2012-03-08 10:43 Global Times     Web Editor: Zhang Chan comment

E-commerce portal China Dangdang Inc signed an agreement with online shoe mall letao.com Wednesday, a move aimed to establish an open platform like Tmall and increase profits.

Under the agreement, which comes days after Dangdang reached a deal with home appliances chain Gome, Letao would bring all its brands to Dangdang's platform as early as late this month.

Establishing the open platform is Dangdang's focus in 2012, and the retailer plans to increase cooperation with vertical business-to-consumer websites specializing in electronic products, clothes, food and wine, as these websites have better procurement knowledge and established supply chains, said Dangdang's publicity director Guo He.

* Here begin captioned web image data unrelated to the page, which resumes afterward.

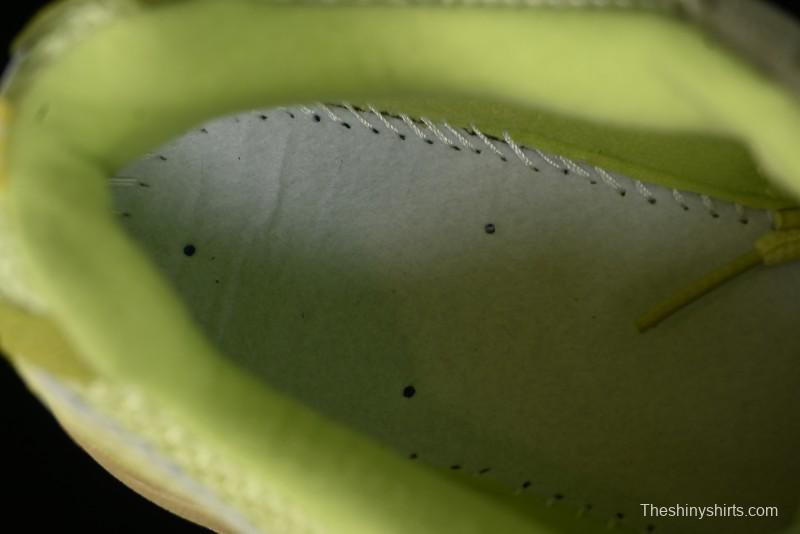 New Balance 530 Series Retro Casual Running Shoes - MR530PR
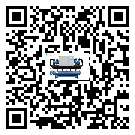 梅州市風冷螺桿式冷水機制冷系統(tǒng)四大配件(1)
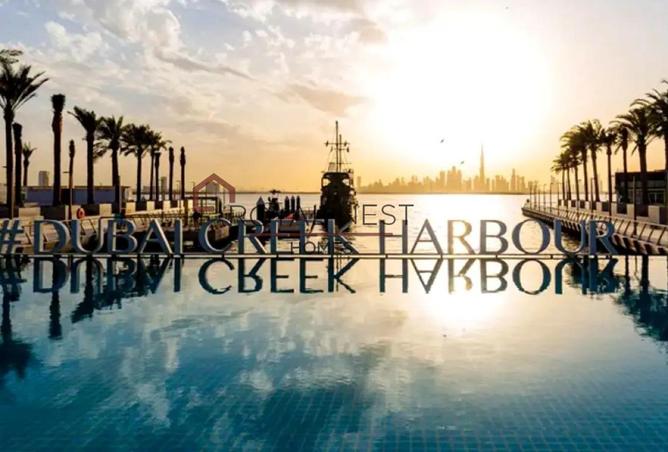 16059516 - صورة العقار 3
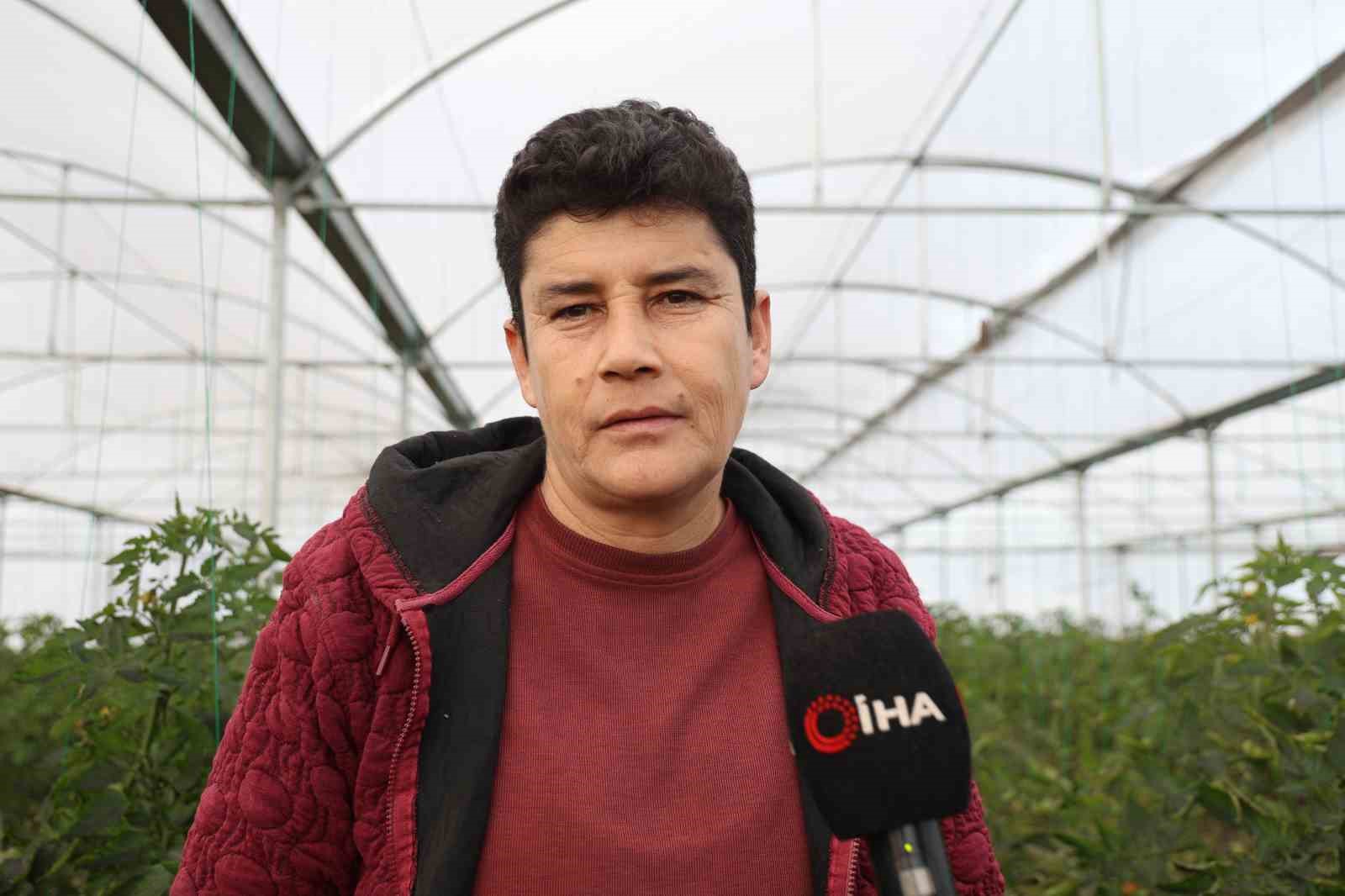 devlet destegiyle kendi islerinin sahibi oldular uretime basladilar 10 VRzAH7KI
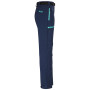 Damenhose Zulu Rodna W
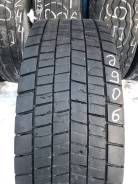Continental HD3 EcoPlus. , 2017 , /,  50 % 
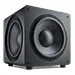 Subwoofers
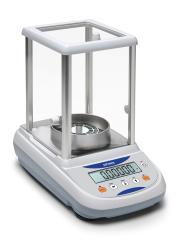 SemiMikro vhy, sria SM, LCD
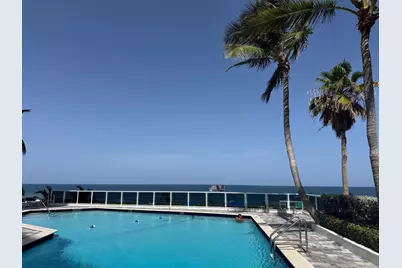 3700 Galt Ocean Drive #209, Fort Lauderdale, FL 33308 - Photo 18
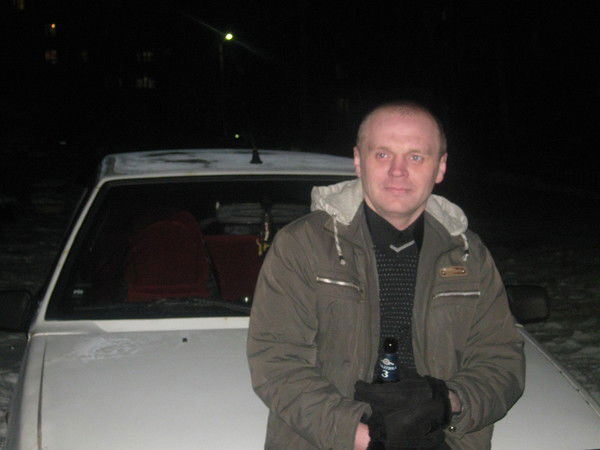 Сашок Валерич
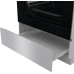 Комбинированная плита Gorenje GKS6C70XF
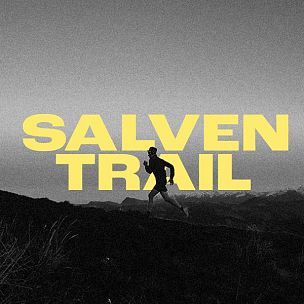 Salventrail in Itter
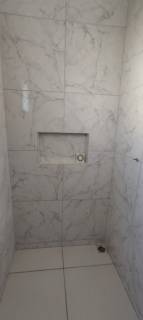 Casa com 2 dormitórios à venda, 68 m² por R$ 247.000,00 - Jardim Costa Verde - Várzea Grande/MT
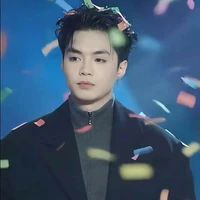 Đặng Thành An (Negav)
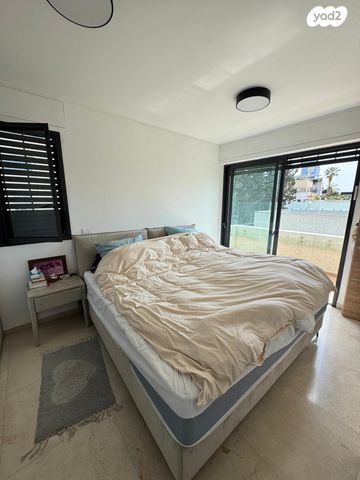 שיכון דן, נווה דן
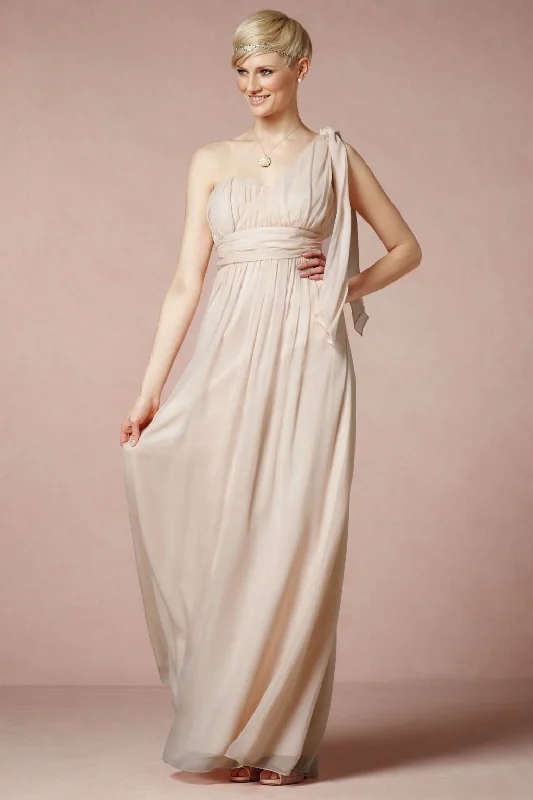 Super Sale BHLDN Thalia Maxi Dress / 27741750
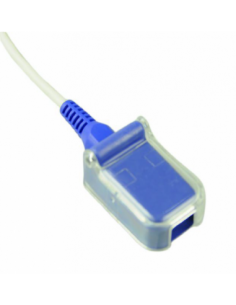 Adaptador SPO2 Mediana (14... 2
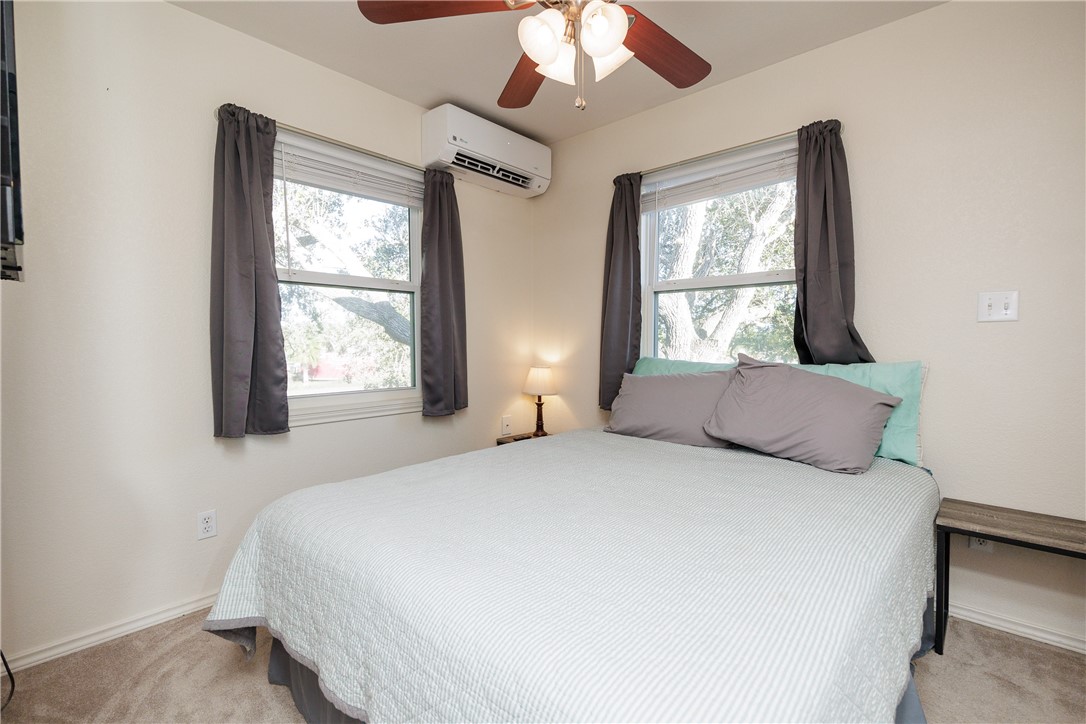 871 State Highway 188 Property Photo 30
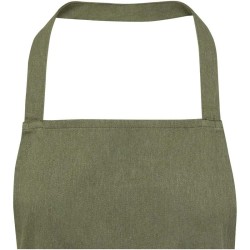 Shara 240 g/m2 Aware recyklovaná zástěra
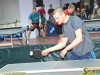 150208-tenis-nast-depot-sportbuk-com-29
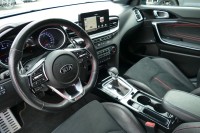 Kia pro_cee'd ProCeed 1.6 T-GDI GT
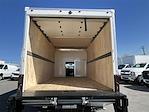 New 2023 Chevrolet Express 3500 Work Van RWD, 14' Bay Bridge Sheet and Post Box Van for sale #F1609 - photo 7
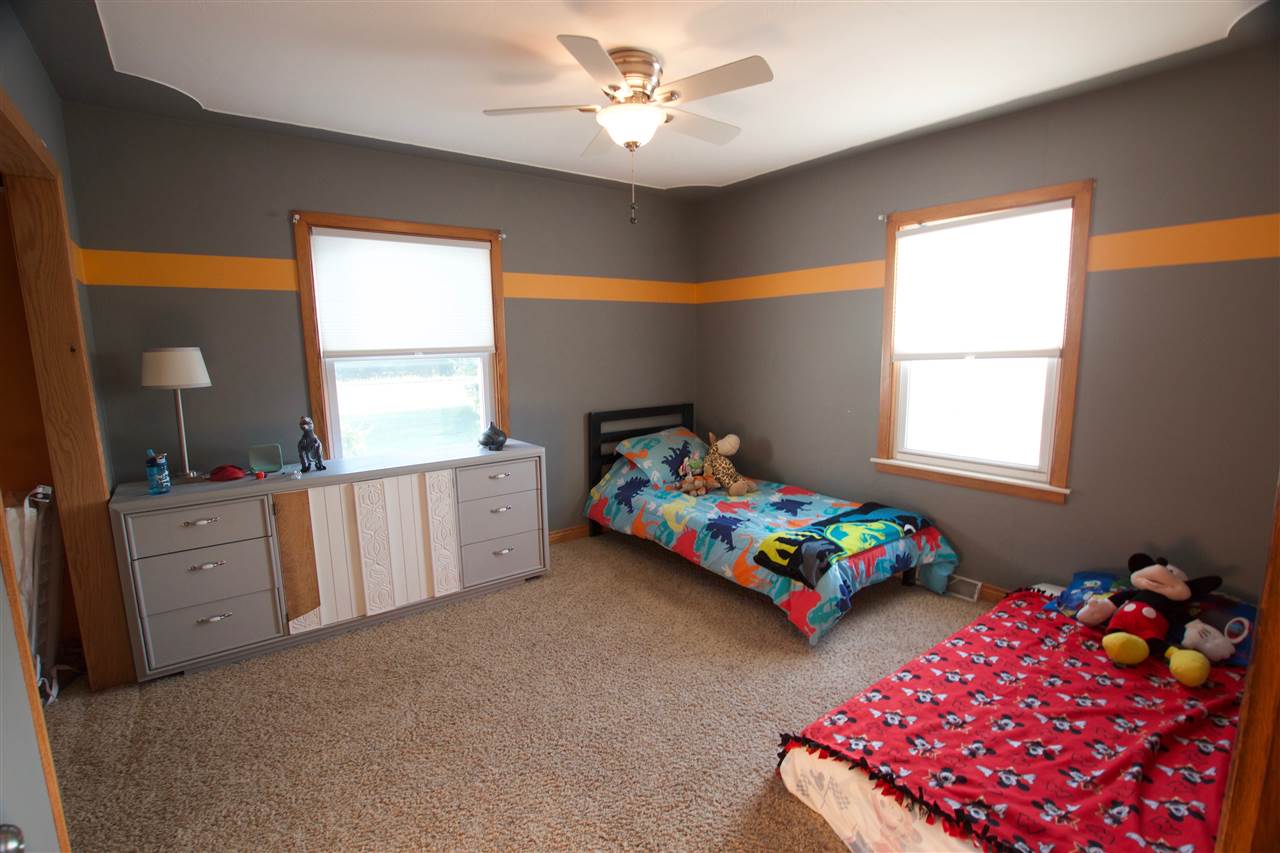 734 West German Road Bay City, MI 48708 - Photo 4 of 14
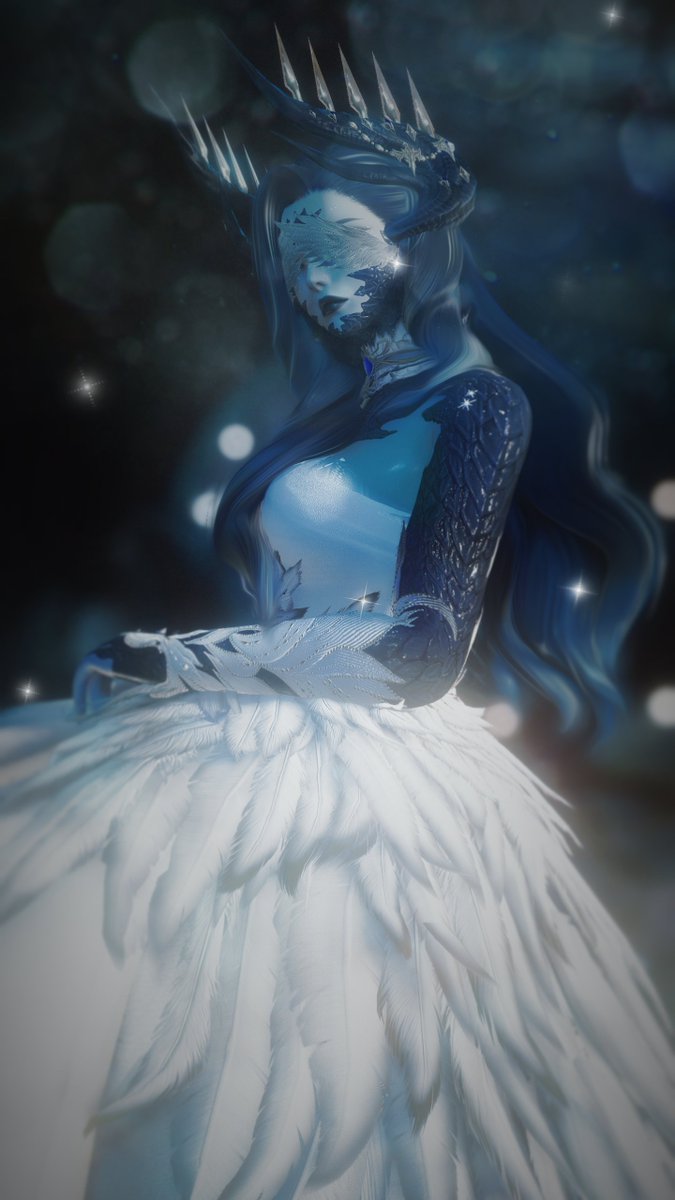 "𝑨𝒊𝒎 𝒇𝒐𝒓 𝒕𝒉𝒆 𝒎𝒐𝒐𝒏. 𝑬𝒗𝒆𝒏 𝒊𝒇 𝒚𝒐𝒖 𝒎𝒊𝒔𝒔, 𝒚𝒐𝒖'𝒍𝒍 𝒍𝒂𝒏𝒅 𝒂𝒎𝒐𝒏𝒈 𝒕𝒉𝒆 𝒔𝒕𝒂𝒓𝒔"

Midnight Moonlight Party
Date: November 8th
Time: 7pm (gmt+7)
Location: Ton┃LB┃W9┃P6
Theme: Luxurious &amp; Masquerade

leluxedxiv.crd.co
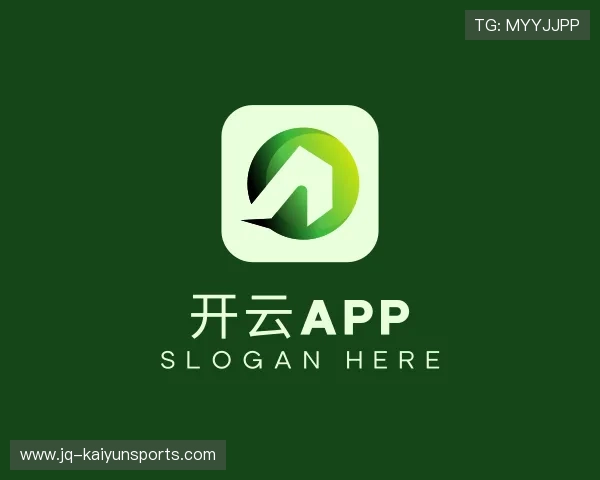 了解开云全站登录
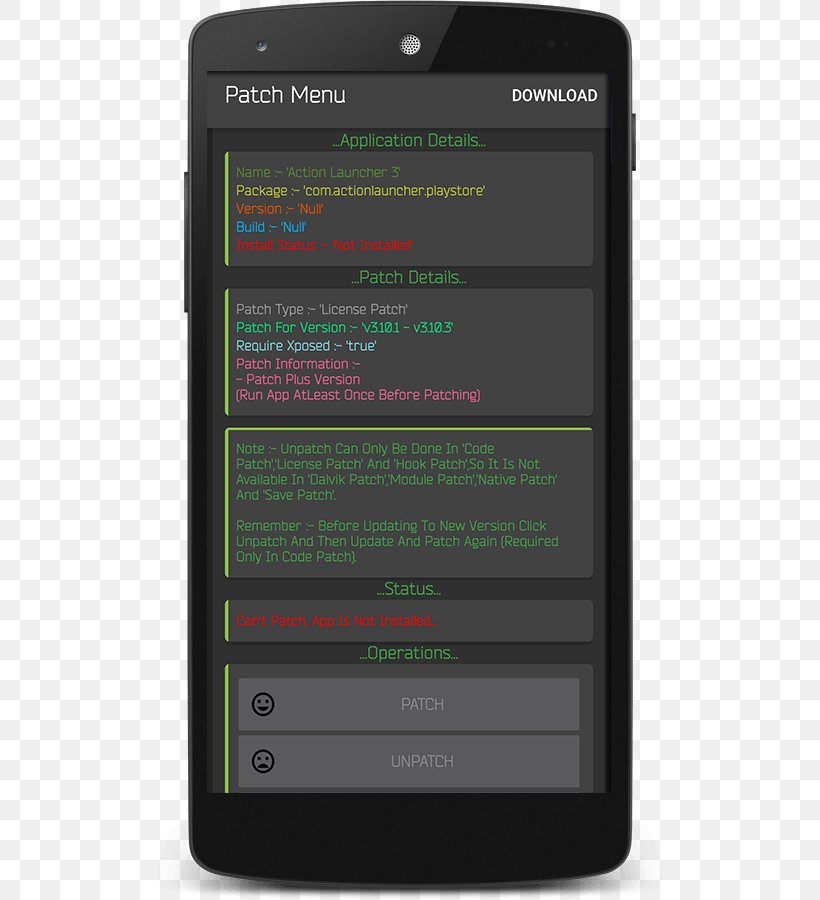 Smartphone Feature Phone Fallout Shelter Android, PNG, 528x900px, Smartphone, Android, Android Jelly Bean, Communication Device, Electronic Device Download Free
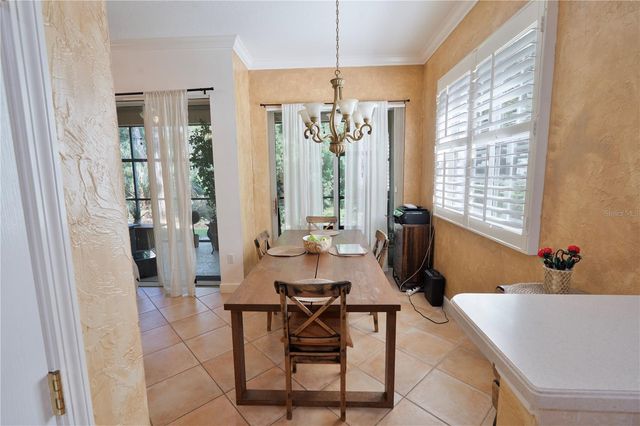 7492 BOTANICA PARKWAY 102, Sarasota, FL 34238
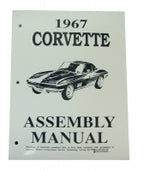 Assembly Manual-67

While the cooperation is beneficial to Dangdang and its partners, it will not help the retailer gain much market share in the B2C space in the short term, analysts said.

Dangdang has an advantage in selling books, but its rivals including 360buy.com and Suning have entered the market to squeeze its profits, so Dangdang needs to expand its product portfolio, Li Chengdong, an analyst at paidai.com, a Beijing-based e-commerce industry portal, told the Global Times yesterday.

"However, an expansion of the product categories would involve large capital and big risks, and Dangdang is not experienced in selling other products, therefore it needs to introduce third parties," Li said.

The cooperation will bring income to Dangdang from its partners in the form of fees amounting to a certain proportion of their sales through the platform, Li noted.

The New York-listed company recorded a net loss of 229 million yuan ($36.3 million) in 2011, after a net profit of $30.8 million in 2010.

Tmall also announced to bring in 38 vertical B2C websites last September.

Vertical B2C websites can attract more visitors and save on marketing and operational costs by cooperating with platforms such as Tmall and Dangdang, Li noted.

However, the difficulties of the open platform model lie in coordination between various parties and guarantee of consumer services, Chen Shousong, a researcher at Internet research company Analysys International, told the Global Times yesterday.

"And different from Tmall which doesn't sell goods itself, the goods Dangdang sells may overlap with those sold by the vertical B2C websites."

Moreover, Dangdang's move will have little impact on 360buy and Tmall, and would not change the market situation, Chen noted.

Tmall led the B2C sector in the fourth quarter of 2011 with a market share of 39.9 percent, followed by 360buy with 14.7 percent. Dangdang with its 1.6 percent share was ranked fifth, far behind the top two, according to data from Analysys International.